Hustle culture takes a breath, you’re ok


File photo by Kate Turner.

In the past, I admit that I have been a victim of “hustle culture.”  

This impacted me primarily in my first year of university at Laurier.  

Upon stepping onto campus as an official Golden Hawk for the first time, I was immediately dedicated to taking part in everything the school had to offer.   

This began, of course, with the clubs fair.  

I put my name on EVERY list.  

Clearly, there was no way that I would run out of time in a day.  

OF COURSE I was fully dedicated to attending every club meeting for the 7+ clubs I signed up for.   

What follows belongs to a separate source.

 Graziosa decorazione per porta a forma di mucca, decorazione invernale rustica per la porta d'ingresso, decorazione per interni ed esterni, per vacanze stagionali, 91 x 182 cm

This, as you can imagine, didn’t go to plan.  

No matter how much I “hustled”, there simply were not enough hours in a day to do everything I wanted.   

At first, I felt guilty – this must mean my study schedule isn’t intense enough.  

Even though I was taking a full course load, I didn’t understand that my brain needed downtime.  

Not just from school, but also from everything else.  

While participating in a bunch of clubs can be fun, it can also leave you incredibly burnt out.  

As an introvert, needless to say I burnt out pretty quickly.   

Don’t get me wrong – I love being social. 

 I love seeing my friends, going out and doing other activities.  

However, doing that every day is too much.  

In addition, I’ll be the first to admit that I’m a bit of a Grandma – I enjoy my 10 p.m. bedtime, okay?  

Without it, I can’t fully function.   

Taking these factors into mind, I began to forgive myself more often when it came to upholding “hustle culture” – who was I trying to impress, anyway?  

Now, I like to think that I have a healthy work/life balance (…most of the time).  

I have my working hours, log off (usually) right at 5 p.m., and go on with my evening.   

Of course, this isn’t always realistic.  

There are weeks where I find myself laying in bed at 1 a.m., worrying about work or other life factors. While I know logically that there’s no way for me to fix these issues at that time, my brain loves to worry. 

It thrives when worrying.   

While taking an SSRI has helped with some of these worrying and ultra productive “hustle culture” tendencies, I’m far from being able to categorize myself as “laid-back’. 

To manage things, I’ve tried to start journaling. Surprisingly, this has worked. 

You may (like I did), believe that journalling is an unproductive task – what’s the point of writing things out, anyway? 

Writing them down, as I’ve learned, helps stop them from constantly repeating in your mind.   

So, if you’re like me, don’t worry.   

The most we can do is pace ourselves – some days, we may get nothing done. And that’s okay.   

So, don’t let “hustle culture” burn you out – take a breath, shut off your laptop, and walk away.